E Yeshua, ou Issa, seus nomes hebraico e indiano, apesar do misticismo chapado de “filho de deus” (cuja precária existência histórica concreta pouco me importa, uma vez que se tornou personagem “real”, vivo e presente do imaginário do Ocidente), possui, no texto dos Evangelhos, mesmo com toda a censura e filtragem do poder imperial da igreja, profundas e evidentes características libertárias.

Além de apelar para a consciência individual, e não para o comportamento padronizado e legalista do judeu “médio” da sua época, que combate violentamente, denunciando a hipocrisia da “moral manifesta” (é célebre o trecho em que compara os “santarrões” fascistas e corruptos de então – apegados à etiqueta religiosa e social, através da qual exerciam a exploração e a opressão impune – a túmulos caiados, bonitos e pintados de branco por fora, mas que por dentro só são imundície e podridão de mortos), o personagem Jesus Cristo assume postura tipicamente contestadora e revolucionária, ao mandar à merda os ditames da legislação teocrática judaica, como a cláusula que proíbe trabalhar aos sábados (mais tarde ressucitada, em relação ao domingo, pelos “paulinistas” da aristocrática igreja medieval). E ao condenar abertamente a classe “proprietária”: em nada resolveria ao jovem rico ter cumprido os mandamentos clássicos da moral religiosa – não matar, não cometer adultério, não furtar, não dar falso testemunho, honrar pai e mãe -, se não vendesse tudo o que tivesse e o desse aos pobres, ou seja abdicasse de sua condição de “senhor”.

Cristo freqüentava a pior espécie da “ralé” e dos “imorais” de então, como os cobradores de impostos para Roma (o equivalente dos traficantes, oficialmente condenados pela moral explícita, mas co-participantes do lucro e do poder de políticos e membros “respeitáveis” da burguesia nacional e internacional), além da gente de “segunda categoria” do mundo mediterrâneo antigo (escravos e mulheres, com que dialoga, e cura com seus poderes para-normais, de igual para igual). E, apesar da interpretação sacerdotal clássica que identifica a virtude à submissão e ao altruísmo babaca, lançou verdadeiros brados rebeldes, anti-poder e anti-dominação, no “Sermão da Montanha”, onde, segundo Lucas, afirma textualmente: “Bem-aventurados, vós os pobres, porque vosso é o reino de Deus. Bem-aventurados os que agora tendes fome, porque sereis saciados. Bem aventurados os que agora chorais, porque rireis. Bem-aventurados sereis quando os homens vos odiarem por causa do Filho do homem. Alegrai-vos nesse dia, e exultai, porque será grande a vossa recompensa no céu; porque era assim que os pais deles tratavam os profetas. Mas ai de vós, ó ricos! Porque tendes a vossa consolação (na Terra). Ai de vós que estais saciados, porque vireis a ter fome. Ai de vós os que agora rides, porque gemereis e chorareis. Ai de vós, quando os homens vos louvarem! porque assim faziam aos falsos profetas os pais deles.

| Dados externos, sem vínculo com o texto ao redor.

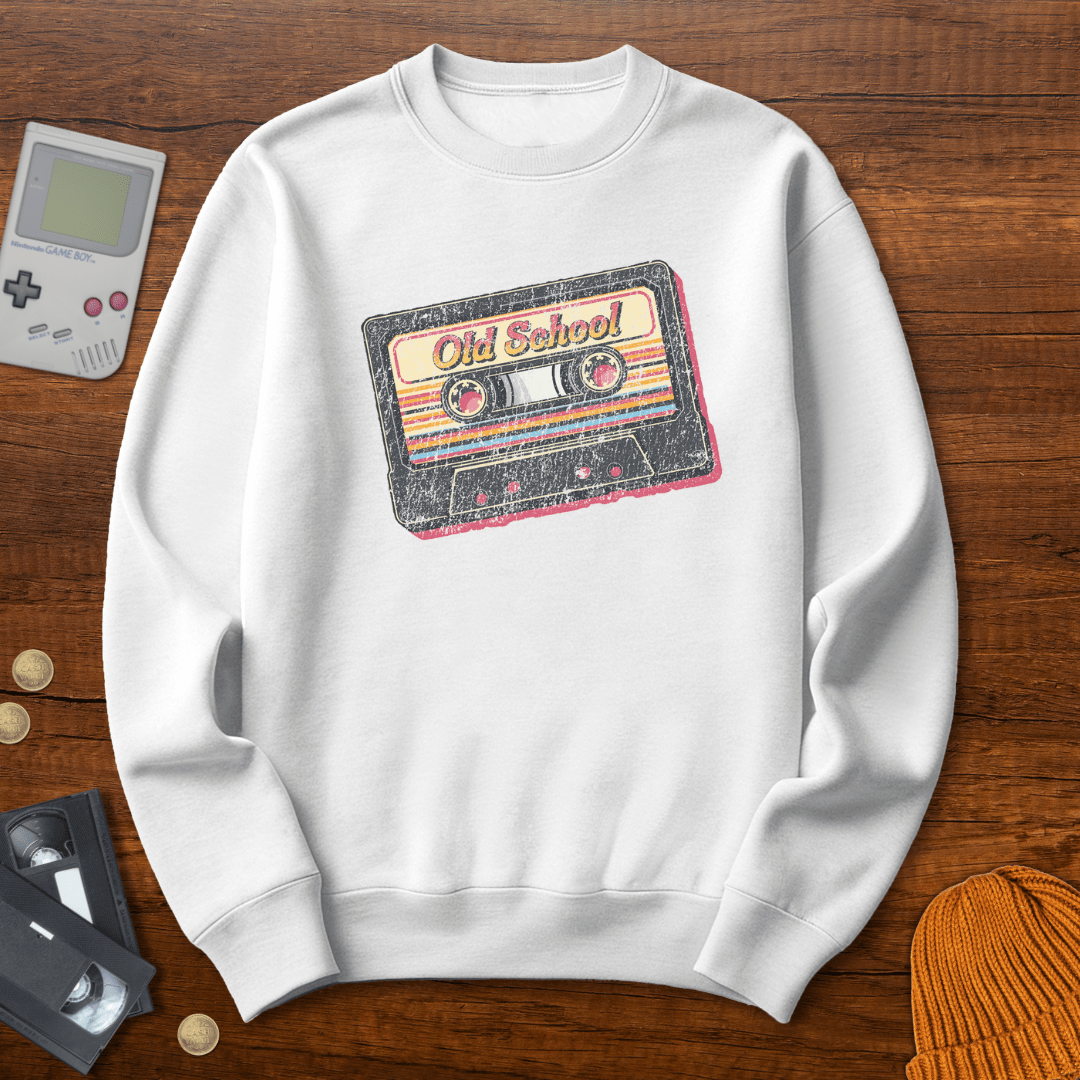 Printify Sweatshirt S / White Old School - Sweatshirt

E é esta mesma figura, o profeta cujos primeiros seguidores, após sua morte, viviam, segundo o “Ato dos Apóstolos”, em regime de auto-gestão anarco-comunista (“Todos os que criam estavam unidos e tinham tudo em comum. Vendiam suas propriedades e os seus bens, e distribuíam o preço por todos, segundo a necessidade que cada um tinha. Todos os dias freqüentavam o templo, e, partindo o pão pelas casas, tomavam a comida com alegria e simplicidade de coração“) que iniciaria sua vida pública em homenagem ao prazer e à alegria, tendo como seu primeiro ato de profeta a transformação de água em vinho, em uma festa. Bem diferente, portanto, da religião do sofrimento e do suplício. Do “cordeiro” sacrificado “pela salvação da humanidade” – que, aliás, segundo a própria Bíblia, quando da execução na cruz, reclamou dela, gritando “meu deus, por que me abandonaste?”.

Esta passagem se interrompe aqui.